DEBUTTO SERIE A – «Ero il vice di Giuliano Sarti, da lui ho imparato a giocare al limite dell’area, a fare il “libero” aggiunto. Con la Fiorentina credo d’aver giocato la partita della vita, a Glasgow, contro i Ranger, finale di andata della Coppa delle Coppe che poi vincemmo. Clima infernale, 2-0 per noi, parai tutto».

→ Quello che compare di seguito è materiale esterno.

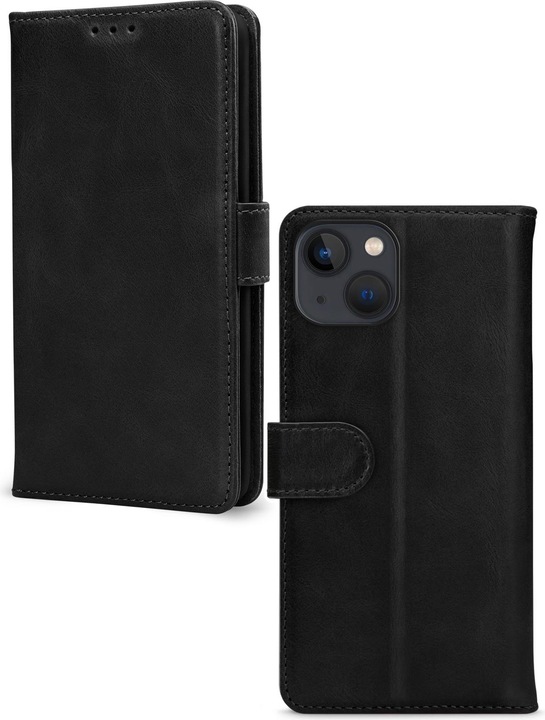 Produktbild Mobilize Portemonnaie aus Leder (Apple iPhone 13, Apple iPhone 14, Apple iPhone 15)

SCUDETTO CAGLIARI – «Abbiamo fatto la storia, svelato un’altra Sardegna, restituito identità e dignità ad una terra che l’Italia aveva dimenticato. Una squadra di amici veri, con Beppe Tomasini siamo fratelli, ci sentiamo ancora. Quell’anno ho subito solo 11 gol – tra cui due autogol e un rigore – in 30 partite. Se l’anno dopo Gigi Riva non si fosse infortunato in Nazionale, avremmo vinto di nuovo».
MAGLIA ROSSA – «Ebbi l’idea guardando un portiere inglese. In allenamento Riva mi confermò che il rosso disturbava l’attaccante, diceva che sembravo più grande e lo inducevo a sbagliare».

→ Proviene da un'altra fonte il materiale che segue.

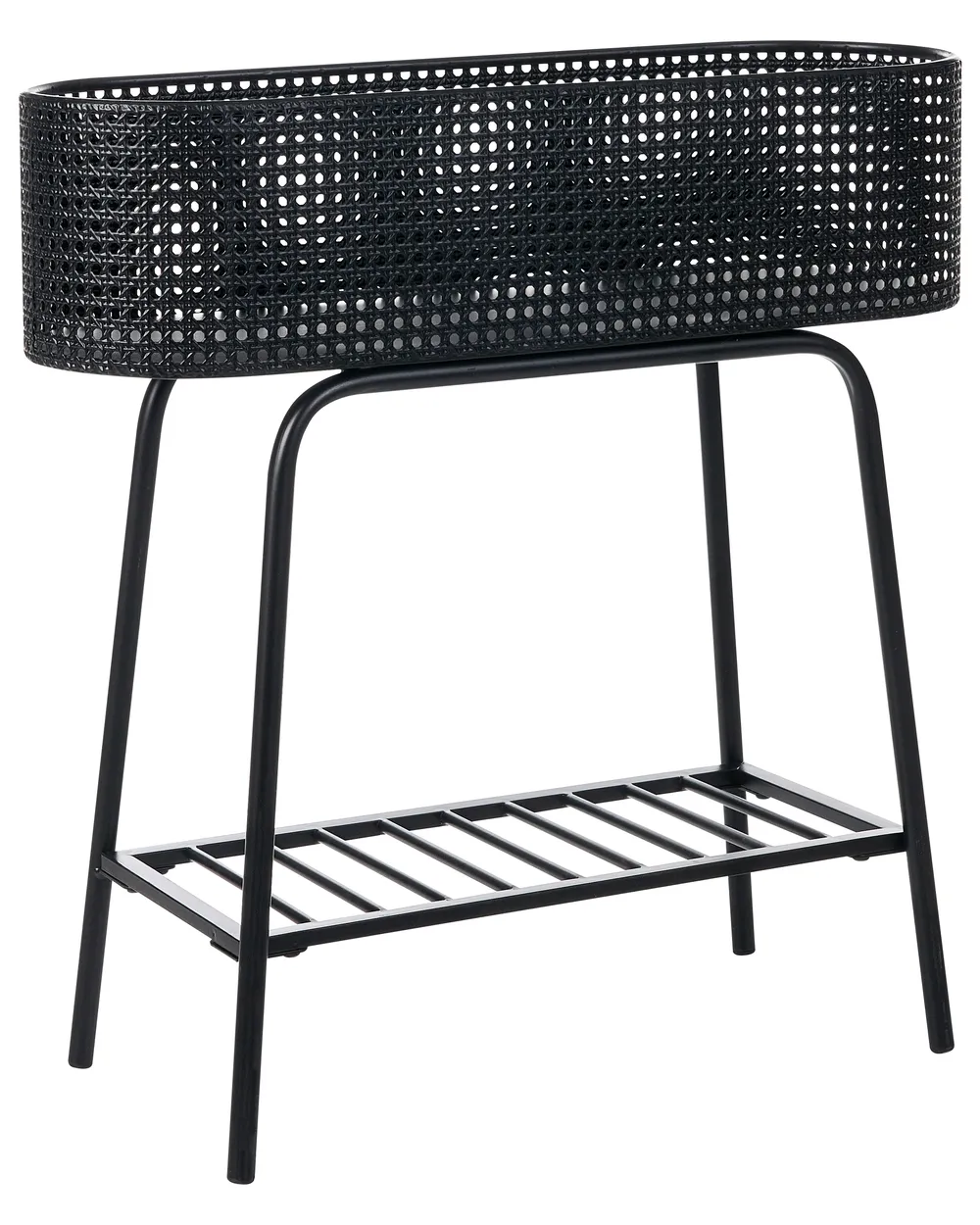 Pflanzenständer LINNAEA 60 cm Metall Schwarz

RIVA – «Io un pacchetto di Marlboro al giorno, ma Gigi pure di più. Scopigno lasciava fare: in campo davamo il massimo, non c’era nulla da rimproverare».
SQUALIFICA CALCIOSCOMMESSE – «La possibilità di andare a giocare in America, era già tutto fatto, il Milan mi avrebbe ceduto il cartellino. Poi l’America è venuta da me: i Globetrotters, la squadra di basket che girava il mondo, mi chiese di fare uno spettacolo all’intervallo delle loro partite. Mi mettevo in porta e gli spettato riprovavano a fare gol. Mi sono divertito un sacco».
DUALISMO ZOFF – «Siamo stati due grandissimi portieri. Io più agile, Dino più compatto. Lui aveva gambe grosse, strutturate, solide; io solo muscoli. Zoff èun monumento del calcio italiano».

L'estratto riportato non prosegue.